About my Blog

writing  often it is the only thing between you and impossibility. no drink, no woman's love, no wealth can match it.  nothing can save you except writing.  it keeps the walls from failing. the hordes from closing in.  it blasts the darkness.  writing is the ultimate psychiatrist,  the kindliest god of all the gods.  writing stalks death. it knows no quit.  and writing laughs at itself, at pain.  it is the last expectation, the last explanation.  that's what it is. 

mercoledì 14 ottobre 2009

L'insostenibile inevitabilità del ritorno.


E' da un pò che ho deciso di riprendere a leggere con più frequenza. Sarà perchè ultimamente ho più tempo libero, ma anche perchè ho una lista di millemila libri in attesa di essere divorati, per ora parcheggiati sulle mensole, i quali dall'alto sembrano osservarmi con occhi delusi e rimproverarmi tacitamente per la mia presuntuosa indifferenza nei loro confronti. Qualcuno di loro è già stato iniziato e giace impaziente sulle mensole più basse, esibendo fiero uno speranzoso segnalibro laddove la lettura, per i motivi più svariati, si era bruscamente o gradualmente interrotta. Altri invece profumano ancora di nuovo: le pagine perfettamente lisce e nessun segno estraneo a testimoniarne l'uso. Su tutti però, in cima alla prima pagina, campeggia il mio nome e la data in cui è stato comprato. In alcuni casi anche il luogo, qualora fosse particolarmente rilevante. Come una fotografia di un momento, come se rileggendo quelle due righe io possa improvvisamente rivedere il momento esatto in cui decisi di portarmi a casa quella nuova creatura d'inchiostro, chiedendomi se mi sarebbe piaciuto o meno.

Ma non tergiversiamo oltre.

Ieri avevo un paio d'ore da ingannare ed ho continuato la lettura del romanzo di Kundera "L'insostenibile leggerezza dell'essere" (comprato nel 2005, iniziato subito e interrotto per chissà quale motivo, infine ripreso dal dimenticatoio qualche settimana fa). Matita alla mano, (utile per sottolineare le parti che più mi colpiscono), mi immergo nel mondo fatto di incontri, ritorni, abbandoni e scontri dei protagonisti, ritrovandomi a sottolineare con particolare veemenza alcuni passaggi, annuendo leggermente o sogghignando in silenzio ad altri. Poi tutto d'un tratto succede: giro la pagina e trovo una sottolineatura di qualche anno fa, risalente alla prima, svogliata lettura. Lo stupore di ritrovare un'abitudine che, scioccamente, credevo appartenesse solo al presente. Ma evidentemente questo presente era presente già in passato.Fisso con malcelata indignazione le parole sottolineate, ed è come se la mano che impugnava allora la matita non fosse la mia, come un tratto fuori luogo nel bel mezzo di un'esperienza che sembrava (o che speravo fosse) esclusivamente nuova, illuminante. Smetto di fissare con astio quel tratto di matita così fino e insolitamente preciso ed avvicino la mia; sospiro rassegnata e con un mezzo sorriso lo ricalco con decisione, stavolta riconoscendomi pienamente e sentendo quelle parole risuonare nella mia testa, ritmiche e scandalosamente vere. E stavolta, forse, dotate di un significato più pieno e completo, proprio come il rinnovato tratto di una matita, più corposo e consapevole, passato su una vecchia sbiadita sottolineatura.

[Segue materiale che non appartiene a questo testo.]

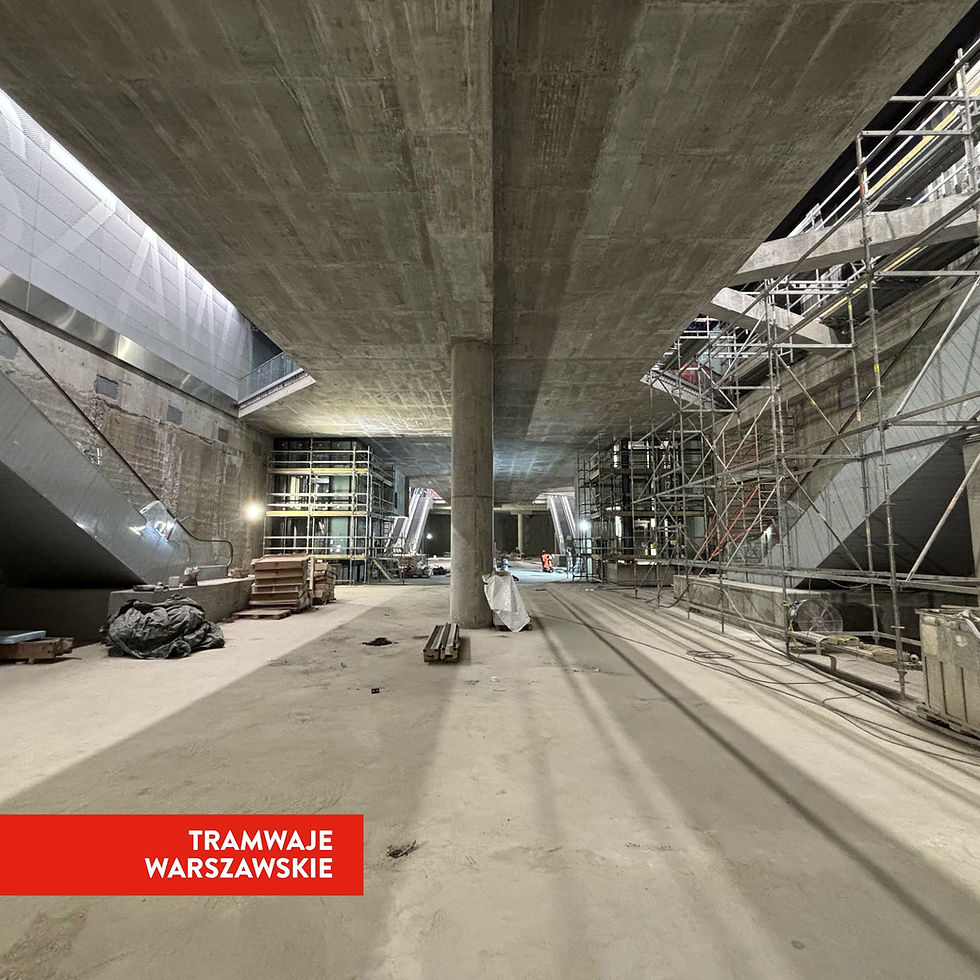 Zdjęcie przedstawia zaawansowany etap budowy podziemnego przystanku tramwajowego, z widocznymi betonowymi konstrukcjami, kolumnami, a także rusztowaniami i częściowo zainstalowanymi schodami ruchomymi. W tle widać wejścia do tuneli.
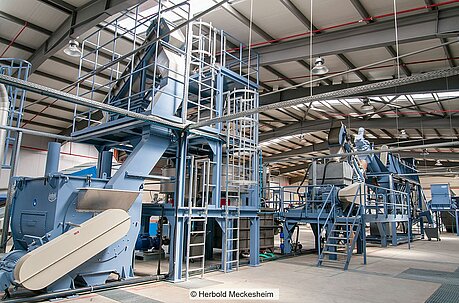 Blau gestrichene Industrieanlage mit Förderbändern, Rohren Trichtern, Kesseln, Treppen in Fabrikhalle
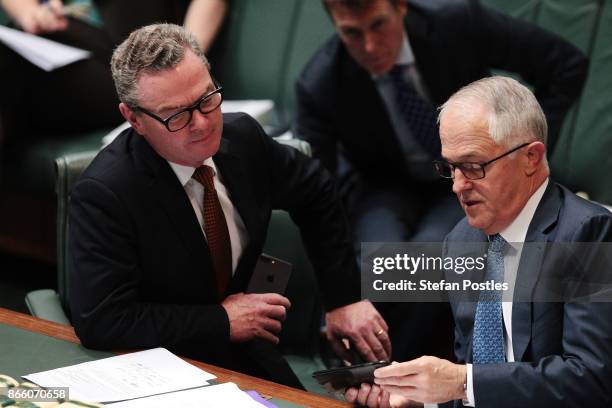 Minister for Defence Industry Christopher Pyne speaks with Prime Minister Malcolm Turnbull during House of Representatives question time at...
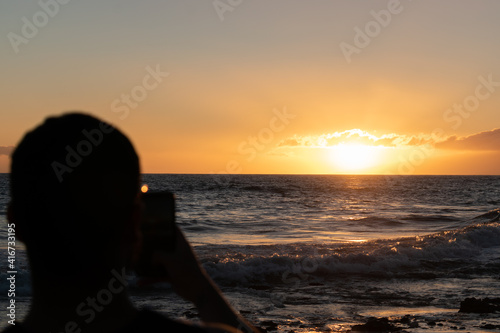 silhouette of young man on the beach taking pictures © Raul Ortiz 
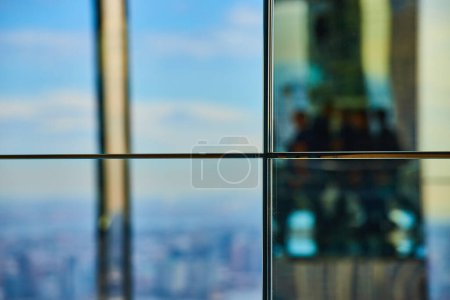Photo for Image of Abstract straight on glass reflection wall with dividing panels and soft blue lights - Royalty Free Image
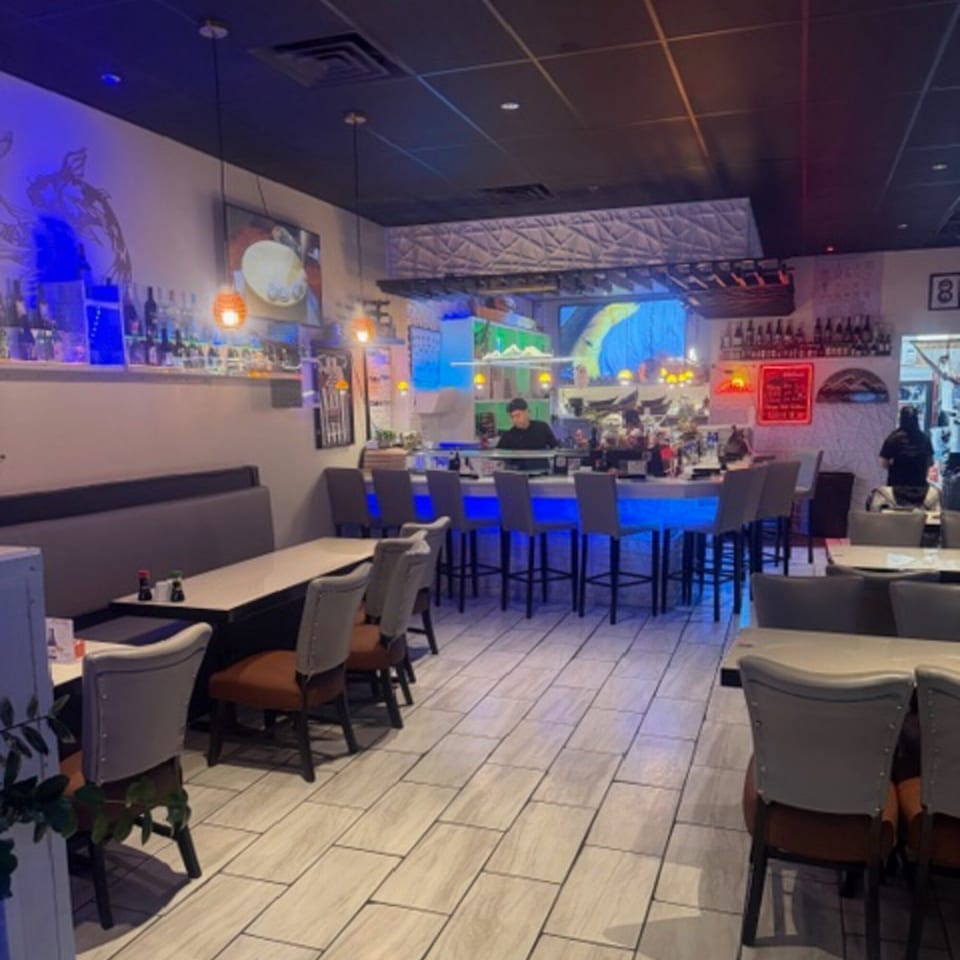 Interior of Sushi Yama restaurant with a blue-lit bar, dining tables, and a sushi chef.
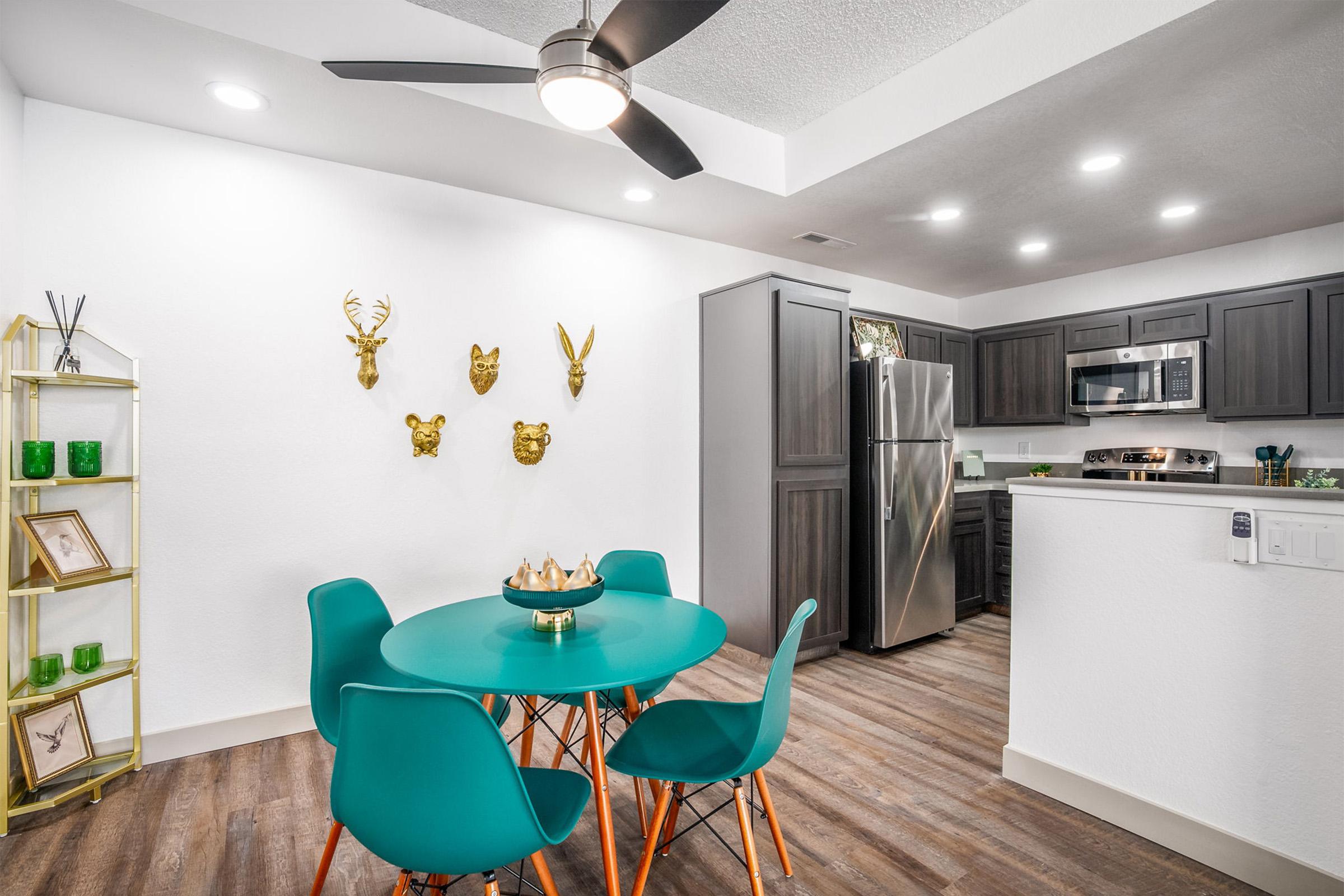 A modern dining area featuring a round teal table with four turquoise chairs. The wall displays decorative animal heads and a gold shelving unit with green glass accents. The kitchen area is visible in the background, showcasing stainless steel appliances and dark cabinetry. A ceiling fan adds a stylish touch.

"Sulle spalle di Sabina non era caduto un fardello, ma l'insostenibile leggerezza dell'essere"

Danielagna.

1 commenti:

7di9 ha detto...

Io non sottolineo mai. Perché temo, quando andrò a rileggermi, di essere in disaccordo con il vecchio me. Certo, non è costruttivo (bisogna evolvere), ma mi inquieterebbe dovermi cancellare. Tutto è bene, finché dura. Meglio non disturbare l'illusione.